Countable set having uncountably many infinite subsets

Question

Can a countable set contain uncountably many infinite subsets such that the intersection of any two such distinct subsets is finite ?

Answer 1

Yes. For every $r\in\mathbb R$ choose a sequence of rational numbers $\{r_n\in\mathbb Q\mid n\in\mathbb N\}$ which converges monotonically to $r$, this sequence is of course a subset of $\mathbb Q$ - a countable set.

If $r\neq s$ are two real numbers then the sequence we chose for them must intersect at a finite subset, otherwise we had a subsequence of the two which would converge to two different limit points.

Since $\mathbb R$ is uncountable (and in fact has cardinality as $\mathcal P(\mathbb Q)$) we have indeed uncountably many subsets of $\mathbb Q$ with the wanted property.

Answer 2

Consider the directed graph with vertex set $\mathbb{N}$ and edges $(n, 2n)$, $(n, 2n + 1)$ for all $n$. Then infinite paths starting at node 1 in the graph can be considered as subsets of $\mathbb{N}$ and satisfy the condition.

Answer 3

Yes. We know $\mathbb{N}$ and $\mathbb{Q}$ are equipotent so we choose a bijection $f:\mathbb{N} \to \mathbb{Q}$. We also know that $\mathbb{R}$ is equipotent to the set of equivalence classes of Cauchy sequences in $\mathbb{Q}$. For every $r \in \mathbb{R}$ choose $(q_{r,n})_n$ a representative from the equivalence class corresponding to $r$. Note that if $r_1\neq r_2 \in \mathbb{R}$ then $q_{r_1,n} = q_{r_2,n}$ for at most finitely many $n$. Since $f$ is a bijection we have that the sequences $(m_{r,n})_n := (f^{-1}(q_{r,n}))_n \subseteq \mathbb{N}$ share the same property. Since $\mathbb{R}$ is uncountable this concludes the proof; just choose the subset $N_\alpha$ to be the range of $m_\alpha$.

Answer 4

Pick $S = \cup_{n \in \mathbb N} \{0;1\}^{\{1;2;\ldots;n\}}$, the set of functions from a finite set to $\{0;1\}$. For any function $f : \mathbb N \to \{0;1\}$, let $g(f) = \{ f|_{\{1;2;\ldots;n\}}, n \in \mathbb N\}$ : $g(f)$ is the subset of $S$ containing all the restrictions of $f$.

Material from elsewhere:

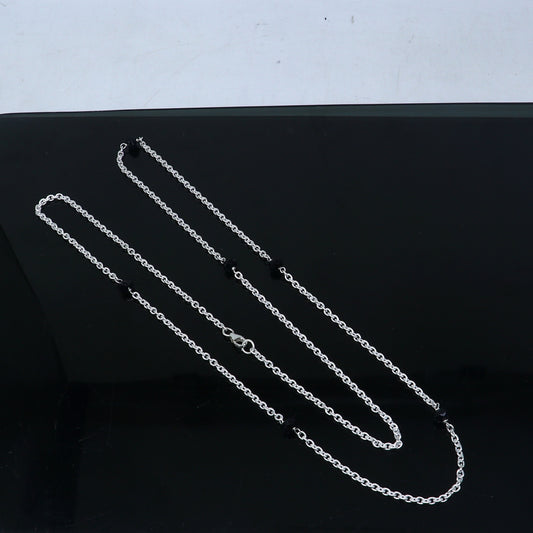 Pure 925 sterling silver black beaded chain necklace and vintage antique silver ball style pendant Mangalsutra ms122 - TRIBAL ORNAMENTS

Then the set $\{g(f), f : \mathbb N \to \{0;1\}\}$ is an uncountable subset of $\mathcal P(S)$ (because $g$ is injective and there are uncountably many functions $f$) where any two distinct subsets have finite intersection (if $f_1$ and $f_2$ are distinct, they disagree at some integer $n$, from which all their restrictions are different).

Also, this is almost the same as picking $S$ as the set of finite subsets of $\mathbb{N}$, and $g : \mathcal P(\mathbb N) \to \mathcal P( S)$ the injection given by $g(X) = \{X \cap \{1 ; 2 ; \ldots n \}, n \in \mathbb N\}$.